You know that you will have to attach 2-cells to make this a CW complex, but if you don't have beta and delta, it is not clear how to attach these. The way you get beta and delta is by starting from what is required - attaching 2-cells, and seeing what you need to be able to attach those - a 1-skeleton which can provide the boundary of the 2-cell.

Try and see if you can construct this space without beta and delta, You'll see that you don't have enough to attach to

note that this is why if f, g:X->Y and Y is hausdorff then f=g is a closed subset of X

because it's the pre-image of the diagonal Y \subset YxY along (f, g) :X->YxY

I'm not sure this is true. If you take L=E, then the image is just the trivial subgroup. Which unless L/K is finite is not open. And if L/K is finite the topology is discrete, so any continuous map is open.

Also very much a #groups-rings-fields question, and not a #point-set-topology I guess

Why are algebraic topology authors like this?

What are the two morphisms that we're taking the coequalizer of supposed to be?

Would it really be that hard to include a description of the two arrows?

Lol Goerss Jardine is probably one of the harder ones to read

They teach it like those language teachers who insist on only speaking said language from the first day of class

classic

Anyway, what are the two arrows supposed to be?

I thought it would be some index bs on i and then on j, but since i appears in the second slot of the diagram, I'm not sure

Think of this pictorially. What the coequalizer says is that the boundary of Delta^n is obtained by gluing together n+1 copies of Delta^(n-1). The gluing has to happen along the shared faces of those, which are all Delta^(n-2)s. The (i, j)th copy of Delta^(n-2) is supposed to specify the gluing between the ith and the jth copies of Delta^(n-1). It suffices to take only pairs i < j instead of all i,j because gluing the ith thing to the jth thing is the same as gluing the other way. The gluing happens as follows - the jth face of the ith copy of Delta^(n-1) gets glued to the ith face of the jth copy of Delta^(n-1). Therefere, you would expect the first map to be, on the (i, j)th copy of Delta^(n-2), the inclusion as the jth face of the ith copy, and the second map on this copy would be the inclusion as the ith face of the jth copy.

Perhaps needlessly long

But in other words, on the (i, j)th copy, the first map is d_j into Delta^(n-1) that includes as the ith copy in the coproduct, and the second one is d_i into Delta^(n-1) which then includes as the jth copy

This was the topological intuition for what the maps should be, but there's also a simplicial version

See this would have made it much easier to understand

The simplicial version is straightforward now that I know what the maps are supposed to be

Also, why use i again as an index for the delta^n-1 copies?

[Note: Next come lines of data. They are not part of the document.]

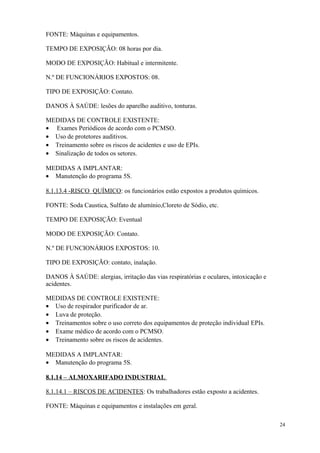 24
FONTE: Máquinas e equipamentos.
TEMPO DE EXPOSIÇÃO: 08 horas por dia.
MODO DE EXPOSIÇÃO: Habitual e intermitente.
N.º DE FUNCIONÁRIOS EXPOSTOS: 08.
TIPO DE EXPOSIÇÃO: Contato.
DANOS À SAÚDE: lesões do aparelho auditivo, tonturas.
MEDIDAS DE CONTROLE EXISTENTE:
• Exames Periódicos de acordo com o PCMSO.
• Uso de protetores auditivos.
• Treinamento sobre os riscos de acidentes e uso de EPIs.
• Sinalização de todos os setores.
MEDIDAS A IMPLANTAR:
• Manutenção do programa 5S.
8.1.13.4 -RISCO QUÍMICO: os funcionários estão expostos a produtos químicos.
FONTE: Soda Caustica, Sulfato de alumínio,Cloreto de Sódio, etc.
TEMPO DE EXPOSIÇÃO: Eventual
MODO DE EXPOSIÇÃO: Contato.
N.º DE FUNCIONÁRIOS EXPOSTOS: 10.
TIPO DE EXPOSIÇÃO: contato, inalação.
DANOS À SAÚDE: alergias, irritação das vias respiratórias e oculares, intoxicação e
acidentes.
MEDIDAS DE CONTROLE EXISTENTE:
• Uso de respirador purificador de ar.
• Luva de proteção.
• Treinamentos sobre o uso correto dos equipamentos de proteção individual EPIs.
• Exame médico de acordo com o PCMSO.
• Treinamento sobre os riscos de acidentes.
MEDIDAS A IMPLANTAR:
• Manutenção do programa 5S.
8.1.14 – ALMOXARIFADO INDUSTRIAL
8.1.14.1 – RISCOS DE ACIDENTES: Os trabalhadores estão exposto a acidentes.
FONTE: Máquinas e equipamentos e instalações em geral.
 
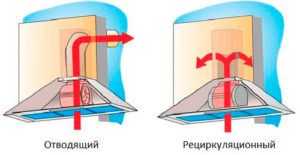 Modes de fonctionnement du capot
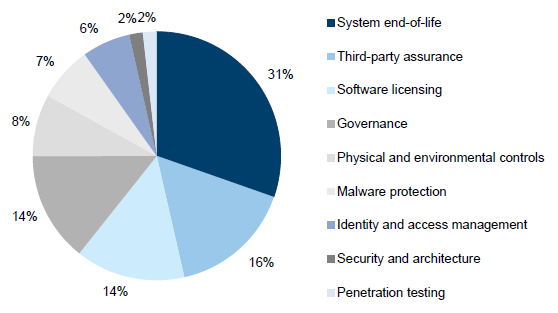 Figure 3M shows 'other' IT general controls audit findings, including System end-of-life (31%), Third-party assurance (16%), Software licensing (14%), Governance (14%), Physical and environmental controls, (8%), Malware protection (7%), Identity and access management (6%), Security and architecture (2%) and Penetration testing (2%).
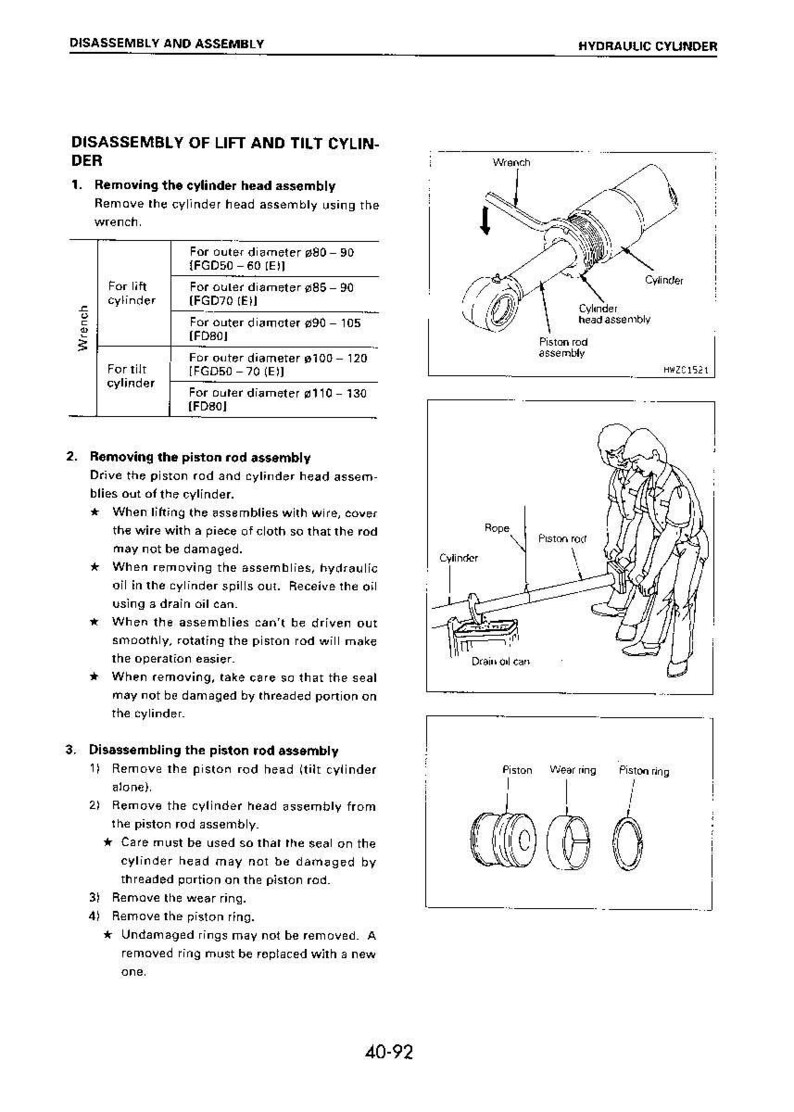 May include: Diagram of hydraulic cylinder disassembly and assembly. Includes illustrations of a wrench, cylinder components, and workers. Text details steps for removing and disassembling parts, with measurements in inches.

Like just use l or something

Here I was thinking there is something special about the ith index in the first slot compared to the jth index

Thanks for the answer

The boundary of Delta^n is the simplicial set of non-surjective maps into [n]. A non-surjective map would miss at least one element of [n], so the disjoint union over i of Hom(-, [n] - {i})s surjects onto it. But this overcounts, because a map into [n] could miss both i and j, so you glue those together.

Understandable, I had a lot of trouble when I tried reading this book and gave up after like 10 pages. There were a lot of colimits to work out

I am on page 9

Though if your instructor is doing something similar, hard luck

No instructor

Just me

Oh I see

Do you have any other suggestions for learning simplical homotopy theory?

Actually I am not sure, I learned about it from model/infty category theory books

But GJ does model cats later on anyway, so that might not be a bad idea

Oh so you learned abstract homotopy theory instead of simplical?

There is Greg Friedman's article on arxiv which is good for intuition though

Yeah both together

What sources did you use?

And Clerk telling me about the nerve-realization adjunction helped me understand a lot of these things

Hovey's model cats has a chapter on simplicial sets

Ok tbh I am not sure if that would be the fastest and easiest way either

There is too much background needed

Maybe see Greg Friedman's notes then GJ

mays book is more combinatorial than categorical

but it has a lot of good stuff

My goal is to eventually study non-classical homotopy theory, so a book which takes the categorical perspective isn't a bad thing

there is a survey paper by curtis

https://arxiv.org/abs/math/0304064

there's the kerodon book by lurie.
moore gave lectures on simplicial homotopy theory in the cartan paper and wrote a book called algebraic homotopy theory.
i recommend looking at the later chapters of may's book, the ones on principal bundles

That's a very fancy way to define geometric realization 😵‍💫

Jesus christ lol

I have seen something similar in a SE answer and I imagine that this is related. The simplex category is anti-equivalent to the category of finite intervals - the objects are ordered sets with distinguished top and bottom elements, and morphisms are order-preserving maps that preserve these too. This antiequivalence is given by [n] mapsto Hom([n], [2]), where the interval order on this hom set is obvious I will denote this version of [n] by (n). Now the geometric realization of the representable ssets Delta^n can be modelled as Hom((n), the unit interval) You extend this by coends as usual to get a way in which the standard unit interval represents geometric realization. It is not exactly a representation though because the unit interval is not in the category of finite intervals, but it should be a filtered colimit of representables.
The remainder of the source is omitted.